Every product starts out as something great, and at some point, some percentage invariably end up as a single-page dashboard.
Despite their ubiquity in cars, (single-page) dashboards are useless everywhere else. When you’re driving, you need to see one metric: the speed you are traveling. Yes other data needs to bubble up – particularly alerts about simple problems that are easy to fix and catastrophic if they are let go (low oil, low coolant) but everything else is either beyond the purview of a dashboard (tire pressure) or simply not important. How this metaphor got carried over to software I have no idea, but it has to stop.
In a business you have multiple metrics that you need access to immediately, and no one piece of information will give you the overview of your business that makers of dashboards hope it will. You have incoming emails from internal and external sources, you have financial statements, you have business transactions (at one or more points per day), you have projects that need managing – and on and on into the minutiae of the particular business.
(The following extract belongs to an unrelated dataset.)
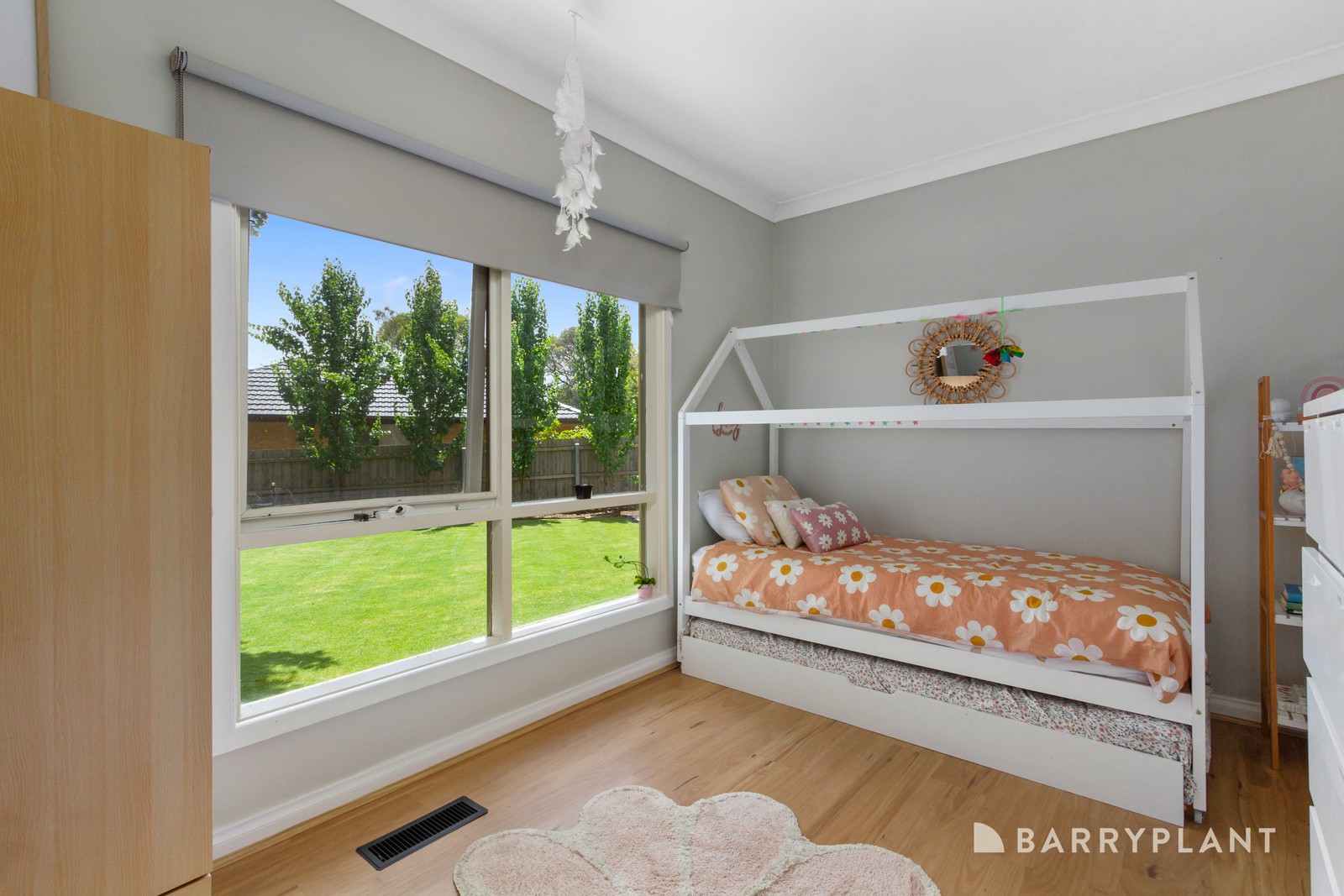 7 Robertson Crescent, Boronia, VIC 3155, Boronia - Thumbnail 8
Typically business users have some task list they’ve set up for the day, and usually use a variety of software to accomplish their goals. Oh yeah, they also use sticky notes because 95% of the time it’s faster, easier and lower maintenance than any software that currently exists. I think this is the problem that dashboards, in all their good intentions, set out to solve. And that’s the last good thing a dashboard ever does.
What users really need is a deep understanding of their daily routine. Good software works to reduce the amount of time these tasks take by automating certain parts. It’s so simple, it’s no wonder that enterprise software fails to deal with this. Enterprise software is always billed as ‘advanced’, the ‘complete solution’ to a complex business. We’ve failed as UX designers if we let our software be defined in this way. Businesses are complex, no doubt, but when you get to the heart of what they do it’s exceedingly simple; tasks, done over and over. .
So let’s stop pretending like there’s one magic chart that businesses want to see, and one high-level task that will encompass all use cases. Let’s make the single-entry dashboard a useful breakdown of the various tasks. And help businesses simplify the process of getting to those tasks, completing them, and moving on with their lives.